To your siblings, you were ally (11), friend (12) and foe (13). At school, you were both a pest (14) and delight (15). Sometimes when you looked worried, your teacher had to refrain from hugging you with all her might and at those times, you were almost like her own child (16). You learned what it meant to be someone’s best friend (17), had enemies (18), teammates (19), and those who sought your approval (20). You were a nuisance to neighbors (21), the bane of a waiter who knew you’d just order milk and spill (22). You cried in public (23), made handprints on windows (24), and still, to everyone, you were the fresh air of life (25).
You grew up, became smarter than somebody else (26). To your parents, your halo was tested. You were a brat (27), a mess (28) a mouth to feed (29). More than anything, you began to remind them of them, which made you both terrifying (30) and special (31). At some point, you were the victim of somebody’s trick (32), another time, one in a sea of faces that judged the weird kid in class when he spoke (33) – your expression will stay in his mind forever.

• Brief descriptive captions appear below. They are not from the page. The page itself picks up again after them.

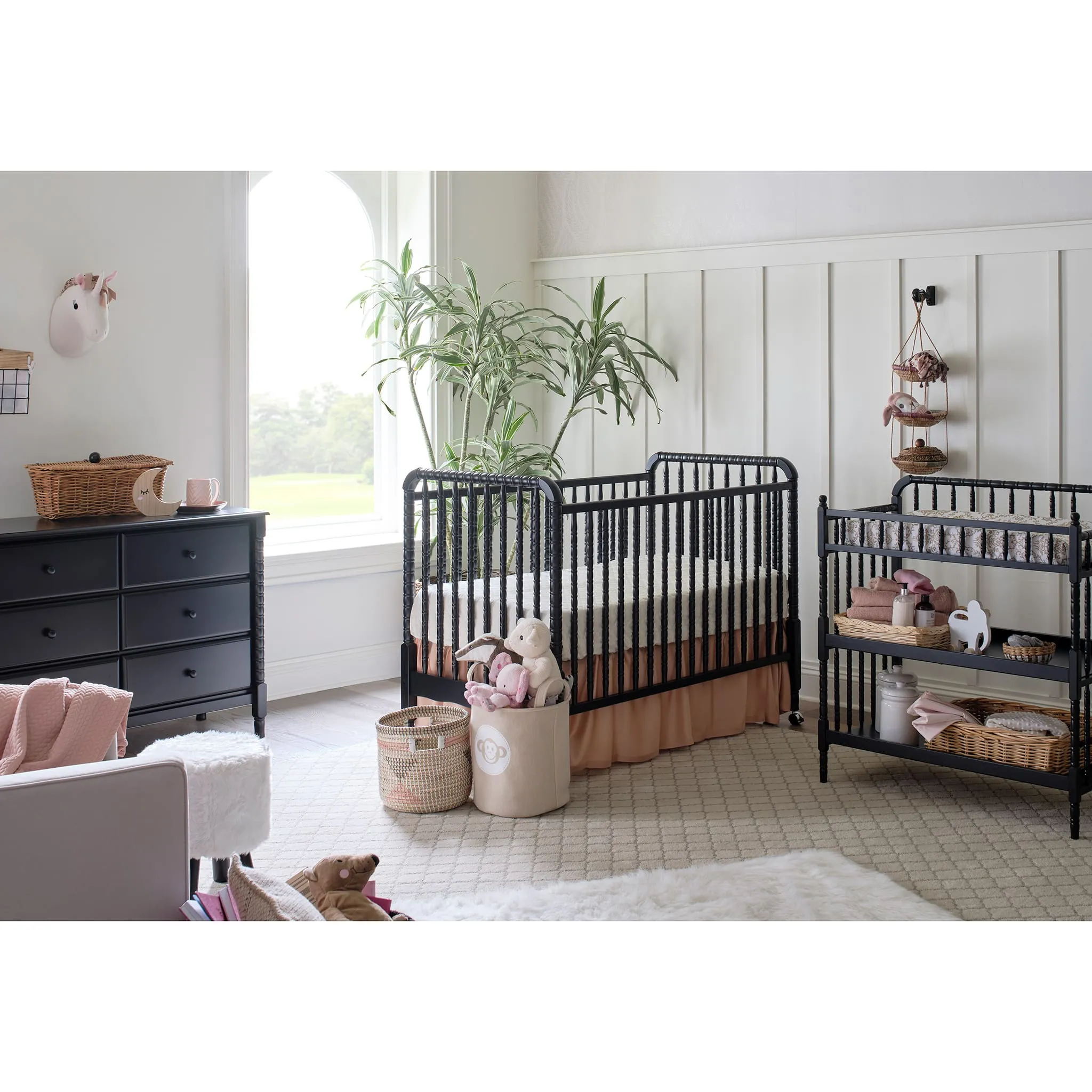 DaVinci Couchette Convertible 3-en-1 Jenny Lind - Ébène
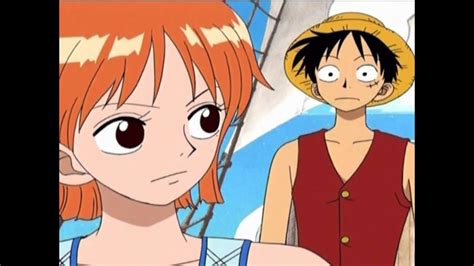 Luffy and Nami-Kiss From A Rose - YouTube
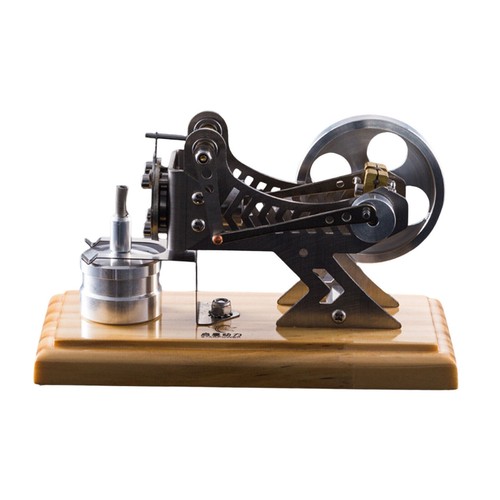 Live Vacuum Engine Model Toy Hot Air Stirling Engine Flame Eater - Picture 14 of 15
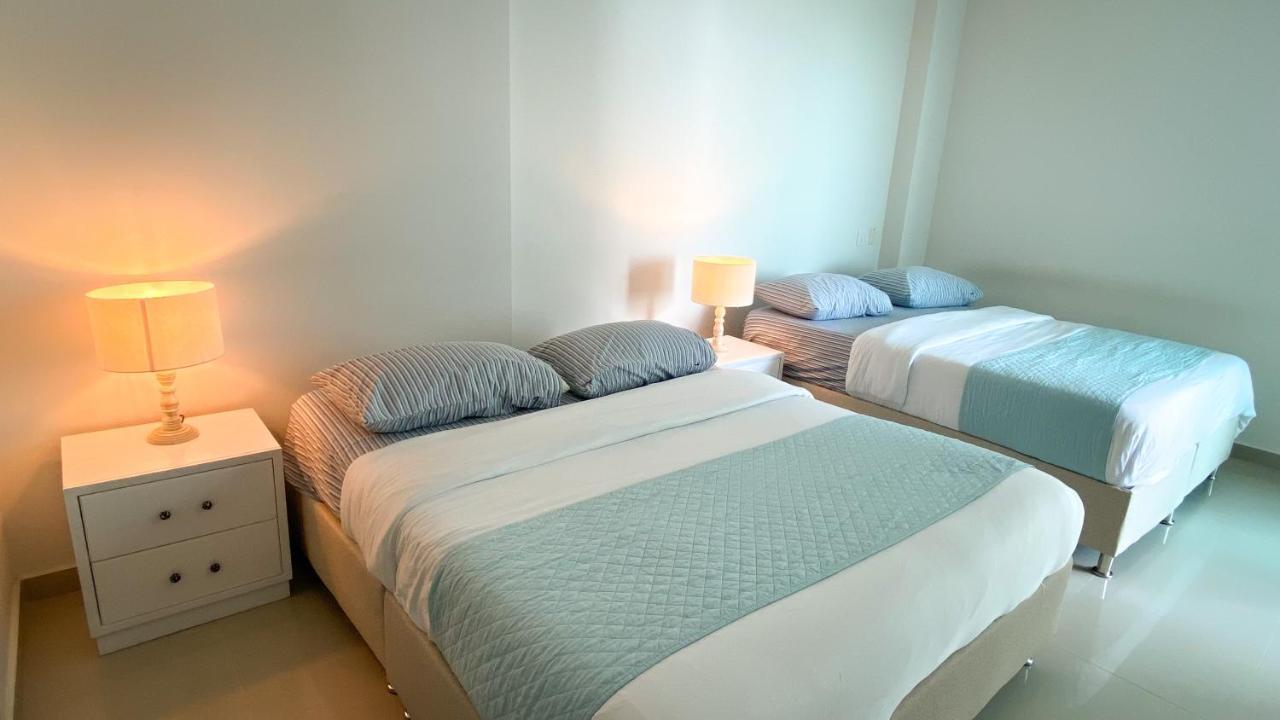 Vista Al Mar En Cartagena , Apartamento En Morros Екстер'єр фото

Eventually, someone began to notice your gestures and voice in a different light (34). You became someone’s crush (35), the source of extreme anxiety. Soon enough, you were a date (36) and a kiss (37), a person with whom things just might go further (38). You were a teller of secrets (39) a keeper of lies (40), a spreader of gossip (41), (including that one thing that no one should ever have known). You became a consumer (42), once even a thief (43). On busses, you were another person who did or didn’t say thank you (44). You were the party at Table 6 (45) and you left a good tip (46). You were the nervous kid who asked for directions (47), the helpful stranger who held the door (48). You almost cut off someone’s car in traffic (49). You caught someone’s eye because you resembled his niece (50).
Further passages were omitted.